■ RECORDS PROVIDED:
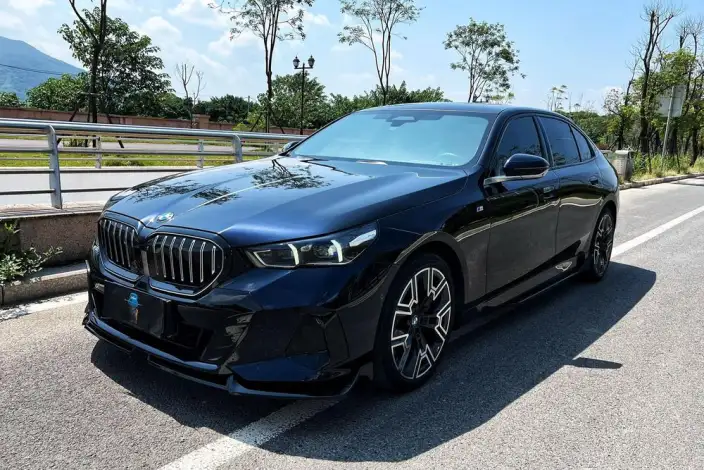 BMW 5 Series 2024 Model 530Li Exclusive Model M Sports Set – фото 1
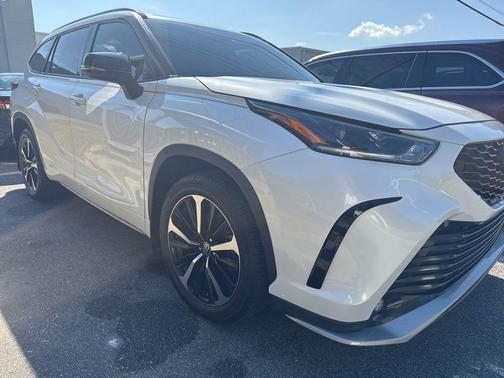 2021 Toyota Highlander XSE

---

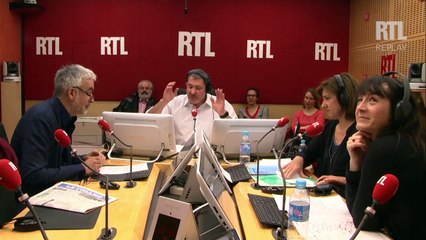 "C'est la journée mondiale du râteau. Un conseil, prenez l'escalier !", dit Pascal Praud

■ EXERCISE: Within the entries above, the lines from the one containing "BMW 5 Series" through the one containing "2021 Toyota Highlander XSE" are to be transcribed exactly, ends included, pictures excluded.

■ REPLY:
 BMW 5 Series 2024 Model 530Li Exclusive Model M Sports Set – фото 1
 2021 Toyota Highlander XSE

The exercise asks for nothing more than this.